━━━ DATASET EXCERPTS ━━━

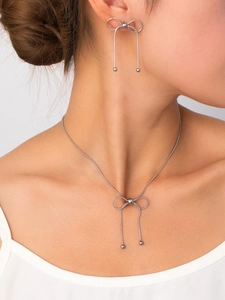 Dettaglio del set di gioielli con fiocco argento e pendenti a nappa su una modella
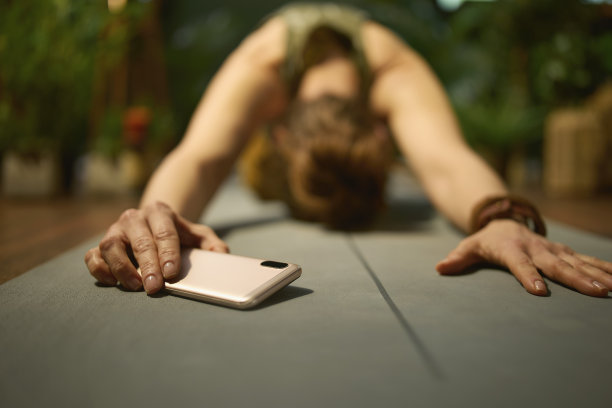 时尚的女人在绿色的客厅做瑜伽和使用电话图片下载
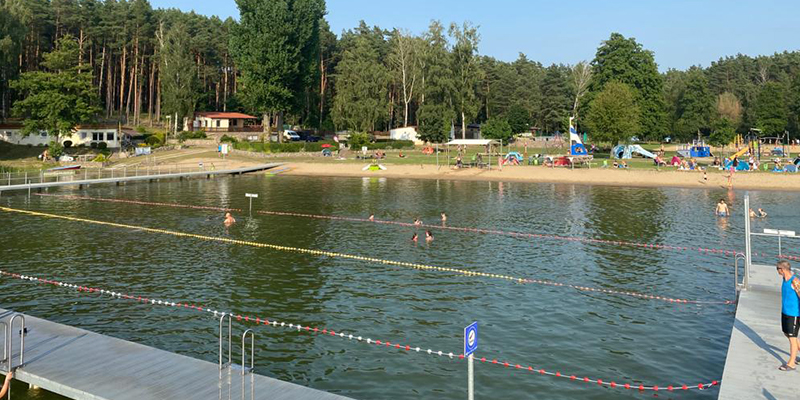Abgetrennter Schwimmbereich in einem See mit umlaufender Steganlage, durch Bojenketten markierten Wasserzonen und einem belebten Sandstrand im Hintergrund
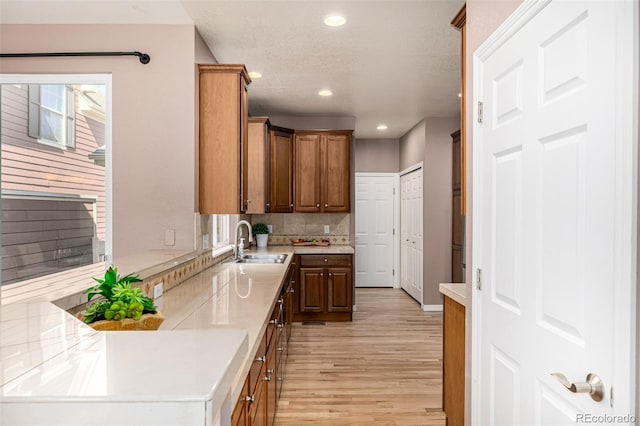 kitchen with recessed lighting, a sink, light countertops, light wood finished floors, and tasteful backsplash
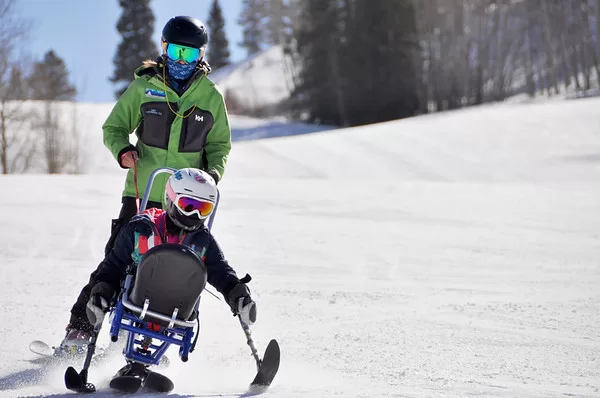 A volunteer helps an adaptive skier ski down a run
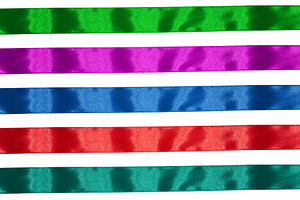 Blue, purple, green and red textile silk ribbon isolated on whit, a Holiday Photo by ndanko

━━━
━━━ DATASET EXCERPTS ━━━

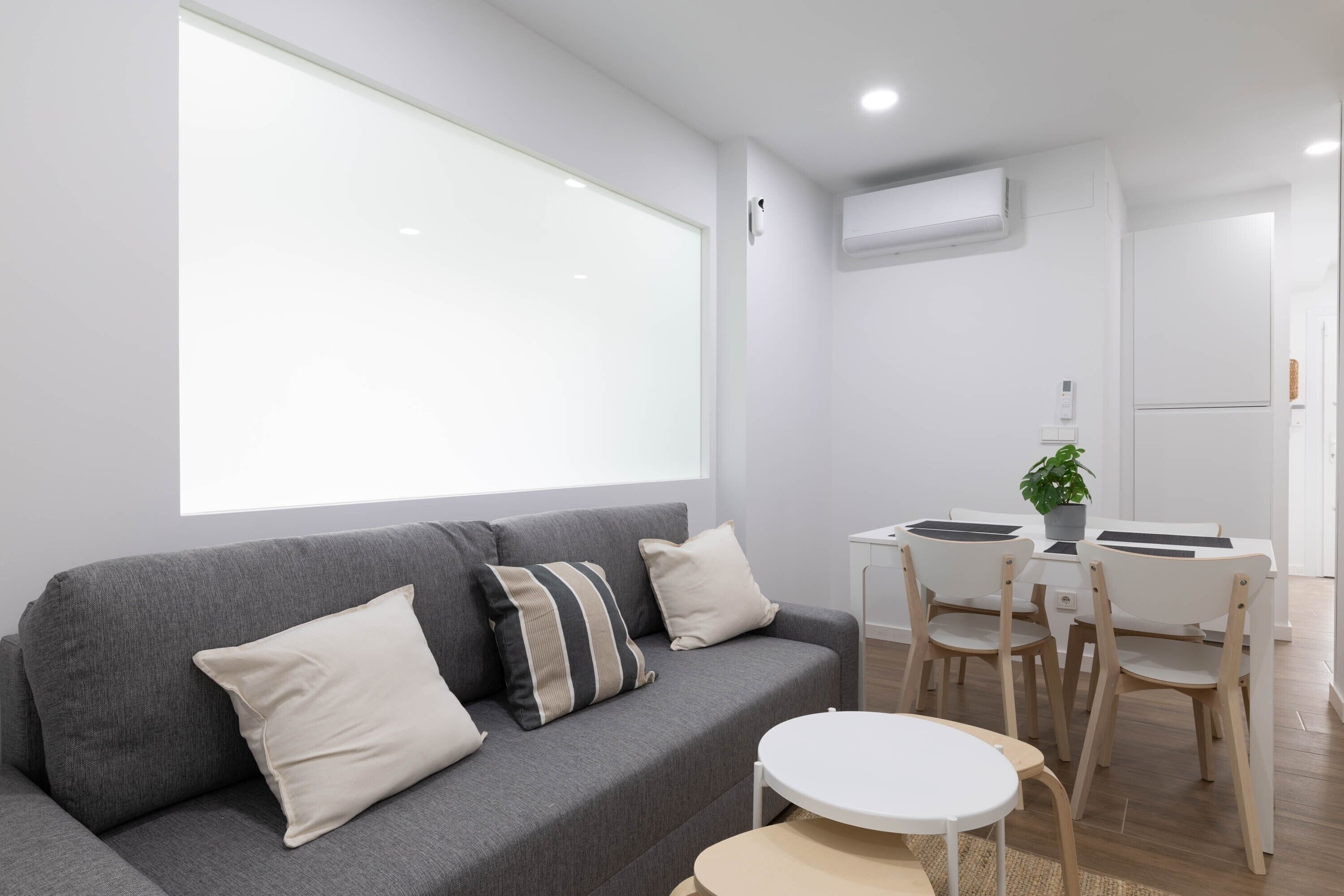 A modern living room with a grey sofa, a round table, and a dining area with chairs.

━━━

### TASK REQUIREMENTS:
What's needed is an exact copy of the records above from the line containing "Dettaglio del set" down to the line containing "Blue, purple, green", both included, without any pictures.

### OUTPUT OF THE TASK:
 Dettaglio del set di gioielli con fiocco argento e pendenti a nappa su una modella
 时尚的女人在绿色的客厅做瑜伽和使用电话图片下载
Abgetrennter Schwimmbereich in einem See mit umlaufender Steganlage, durch Bojenketten markierten Wasserzonen und einem belebten Sandstrand im Hintergrund
 kitchen with recessed lighting, a sink, light countertops, light wood finished floors, and tasteful backsplash
 A volunteer helps an adaptive skier ski down a run
 Blue, purple, green and red textile silk ribbon isolated on whit, a Holiday Photo by ndanko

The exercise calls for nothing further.